472 F.3d 1044
UNITED STATES of America, Appellee,
Shaun Joseph RUFF, Appellant.
United States Court of Appeals, Eighth Circuit.
Submitted: September 28, 2006.
Filed: January 9, 2007.
Raphael M. Scheetz, argued, Cedar Rapids, IA, for appellant.
Patrick J. Reinert, argued, Asst. U.S. Atty., Cedar Rapids, IA, for appellee.
Shaun Joseph Ruff, Duluth, MN, pro se.
Before RILEY and COLLOTON, Circuit Judges, and KYLE,1 District Judge.
KYLE, District Judge.
Shaun J. Ruff pled guilty to conspiring to distribute cocaine and marijuana. He now appeals, challenging two rulings of the district court2 at sentencing. We affirm.
On six occasions between July and December 2002, Ruff sold marijuana and cocaine to a confidential informant and to undercover police officers. He drove his Chevrolet Blazer to each of the drug sales. Law enforcement expended $9,985 in controlled buy money to purchase the drugs. The buy money was supplied by the Iowa Division of Narcotics Enforcement ("Iowa DNE"). On December 12, Ruff was arrested. At the time of his arrest, law enforcement seized Ruff's Blazer, $1,476 in currency found on his person, a small amount of marijuana, and other personal items.
Ruff was charged with conspiracy to distribute 500 or more grams of cocaine and marijuana and, on September 30, 2003, he executed a plea agreement admitting the charged offenses. Pursuant to the plea agreement, Ruff agreed "to pay restitution, as ordered by the Court, for controlled buy money expended during the investigation." Ruff also agreed to forfeit his Blazer, as well as items seized from his person and residence upon arrest. The plea agreement provided that the restitution would "be paid to the Clerk of Court for eventual disbursement to the Iowa Division of Narcotics Enforcement."
At sentencing, Ruff requested that the district court offset the value of the forfeited Blazer and currency against the restitution order. The district court denied the request and Ruff appealed to this Court. We reversed and remanded, instructing the district court that "[i]f Ruff can establish the Iowa DNE received any forfeiture funds [it] shall modify the restitution order to prevent double recovery by the Iowa DNE." United States v. Ruff, 420 F.3d 772, 776 (8th Cir.2005).

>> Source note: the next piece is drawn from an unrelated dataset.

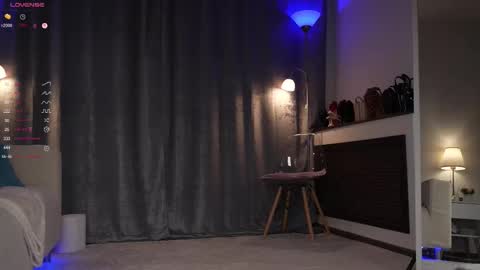 Amy  online show from September 2025 01:16:02 AM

During the pendency of Ruff's appeal, Judge Reade hired Special Assistant United States Attorney (SAUSA) Teresa Baumann as a law clerk. Baumann had handled Ruff's prosecution during her tenure as an SAUSA. On January 14, 2006, Ruff moved for Judge Reade's recusal based upon Baumann's prior involvement in his prosecution. On January 25, 2006, the district court denied the motion and stated that Baumann had been screened from the court's criminal docket and would not be involved in its decisions in the instant case. It also stated that Baumann would not be present in chambers during Ruff's sentencing.
On January 27, 2006, the district court held an evidentiary hearing on the restitution issue. On February 2, 2006, it denied Ruff's request to reduce the restitution owed to the Iowa DNE and determined that "there is no evidence the Iowa DNE received, either directly or indirectly, funds derived from the forfeiture of Defendant's property. The forfeiture funds went to the [Bear Creek Narcotics] Task Force, except for funds retained by the United States Marshal or sent to the federal government's asset forfeiture fund. Therefore, there is no danger of double recovery on the part of the Iowa DNE on account of the court's restitution order." This appeal followed.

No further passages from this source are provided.